WHAT YOU WILL DO: The expected output is the complete listing, copied exactly.

START EXTRACTED INFORMATION

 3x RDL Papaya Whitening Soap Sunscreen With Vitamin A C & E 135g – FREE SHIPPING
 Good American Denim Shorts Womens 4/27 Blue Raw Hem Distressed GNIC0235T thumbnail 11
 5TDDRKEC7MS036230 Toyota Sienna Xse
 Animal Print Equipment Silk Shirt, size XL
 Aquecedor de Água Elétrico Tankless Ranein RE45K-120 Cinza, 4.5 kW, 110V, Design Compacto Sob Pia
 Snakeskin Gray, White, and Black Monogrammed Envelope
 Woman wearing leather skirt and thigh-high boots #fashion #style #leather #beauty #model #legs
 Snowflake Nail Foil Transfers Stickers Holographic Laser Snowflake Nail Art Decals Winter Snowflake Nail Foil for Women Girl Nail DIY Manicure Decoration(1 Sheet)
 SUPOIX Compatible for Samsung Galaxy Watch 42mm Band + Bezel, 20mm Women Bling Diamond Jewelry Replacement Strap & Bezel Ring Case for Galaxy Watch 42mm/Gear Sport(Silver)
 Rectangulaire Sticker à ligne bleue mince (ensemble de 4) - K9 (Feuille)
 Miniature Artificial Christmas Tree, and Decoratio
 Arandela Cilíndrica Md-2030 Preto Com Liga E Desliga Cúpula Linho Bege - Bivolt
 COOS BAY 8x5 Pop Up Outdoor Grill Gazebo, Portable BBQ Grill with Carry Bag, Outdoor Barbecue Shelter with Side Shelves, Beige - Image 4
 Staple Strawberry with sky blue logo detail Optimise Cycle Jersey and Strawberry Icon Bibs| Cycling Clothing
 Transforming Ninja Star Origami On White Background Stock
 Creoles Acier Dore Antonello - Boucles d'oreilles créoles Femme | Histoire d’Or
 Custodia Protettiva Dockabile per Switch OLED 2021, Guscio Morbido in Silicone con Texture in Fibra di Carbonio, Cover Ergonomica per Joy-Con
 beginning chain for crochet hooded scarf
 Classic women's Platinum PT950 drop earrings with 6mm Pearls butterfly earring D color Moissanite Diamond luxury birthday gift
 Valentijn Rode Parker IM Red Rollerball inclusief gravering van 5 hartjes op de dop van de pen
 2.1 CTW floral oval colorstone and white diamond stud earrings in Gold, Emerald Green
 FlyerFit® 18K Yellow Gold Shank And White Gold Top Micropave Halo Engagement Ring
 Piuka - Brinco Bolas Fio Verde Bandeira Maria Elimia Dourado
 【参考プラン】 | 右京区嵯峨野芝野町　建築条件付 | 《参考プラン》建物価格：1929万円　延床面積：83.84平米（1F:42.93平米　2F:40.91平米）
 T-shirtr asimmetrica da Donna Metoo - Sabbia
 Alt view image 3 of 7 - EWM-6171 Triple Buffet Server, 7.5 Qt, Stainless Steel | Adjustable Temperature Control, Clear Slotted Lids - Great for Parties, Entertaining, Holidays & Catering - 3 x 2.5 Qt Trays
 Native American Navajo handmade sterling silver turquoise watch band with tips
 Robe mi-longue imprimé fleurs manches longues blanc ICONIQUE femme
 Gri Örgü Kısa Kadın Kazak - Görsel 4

END EXTRACTED INFORMATION

ANSWER BELOW:
 3x RDL Papaya Whitening Soap Sunscreen With Vitamin A C & E 135g – FREE SHIPPING
 Good American Denim Shorts Womens 4/27 Blue Raw Hem Distressed GNIC0235T thumbnail 11
 5TDDRKEC7MS036230 Toyota Sienna Xse
 Animal Print Equipment Silk Shirt, size XL
 Aquecedor de Água Elétrico Tankless Ranein RE45K-120 Cinza, 4.5 kW, 110V, Design Compacto Sob Pia
 Snakeskin Gray, White, and Black Monogrammed Envelope
 Woman wearing leather skirt and thigh-high boots #fashion #style #leather #beauty #model #legs
 Snowflake Nail Foil Transfers Stickers Holographic Laser Snowflake Nail Art Decals Winter Snowflake Nail Foil for Women Girl Nail DIY Manicure Decoration(1 Sheet)
 SUPOIX Compatible for Samsung Galaxy Watch 42mm Band + Bezel, 20mm Women Bling Diamond Jewelry Replacement Strap & Bezel Ring Case for Galaxy Watch 42mm/Gear Sport(Silver)
 Rectangulaire Sticker à ligne bleue mince (ensemble de 4) - K9 (Feuille)
 Miniature Artificial Christmas Tree, and Decoratio
 Arandela Cilíndrica Md-2030 Preto Com Liga E Desliga Cúpula Linho Bege - Bivolt
 COOS BAY 8x5 Pop Up Outdoor Grill Gazebo, Portable BBQ Grill with Carry Bag, Outdoor Barbecue Shelter with Side Shelves, Beige - Image 4
 Staple Strawberry with sky blue logo detail Optimise Cycle Jersey and Strawberry Icon Bibs| Cycling Clothing
 Transforming Ninja Star Origami On White Background Stock
 Creoles Acier Dore Antonello - Boucles d'oreilles créoles Femme | Histoire d’Or
 Custodia Protettiva Dockabile per Switch OLED 2021, Guscio Morbido in Silicone con Texture in Fibra di Carbonio, Cover Ergonomica per Joy-Con
 beginning chain for crochet hooded scarf
 Classic women's Platinum PT950 drop earrings with 6mm Pearls butterfly earring D color Moissanite Diamond luxury birthday gift
 Valentijn Rode Parker IM Red Rollerball inclusief gravering van 5 hartjes op de dop van de pen
 2.1 CTW floral oval colorstone and white diamond stud earrings in Gold, Emerald Green
 FlyerFit® 18K Yellow Gold Shank And White Gold Top Micropave Halo Engagement Ring
 Piuka - Brinco Bolas Fio Verde Bandeira Maria Elimia Dourado
 【参考プラン】 | 右京区嵯峨野芝野町　建築条件付 | 《参考プラン》建物価格：1929万円　延床面積：83.84平米（1F:42.93平米　2F:40.91平米）
 T-shirtr asimmetrica da Donna Metoo - Sabbia
 Alt view image 3 of 7 - EWM-6171 Triple Buffet Server, 7.5 Qt, Stainless Steel | Adjustable Temperature Control, Clear Slotted Lids - Great for Parties, Entertaining, Holidays & Catering - 3 x 2.5 Qt Trays
 Native American Navajo handmade sterling silver turquoise watch band with tips
 Robe mi-longue imprimé fleurs manches longues blanc ICONIQUE femme
 Gri Örgü Kısa Kadın Kazak - Görsel 4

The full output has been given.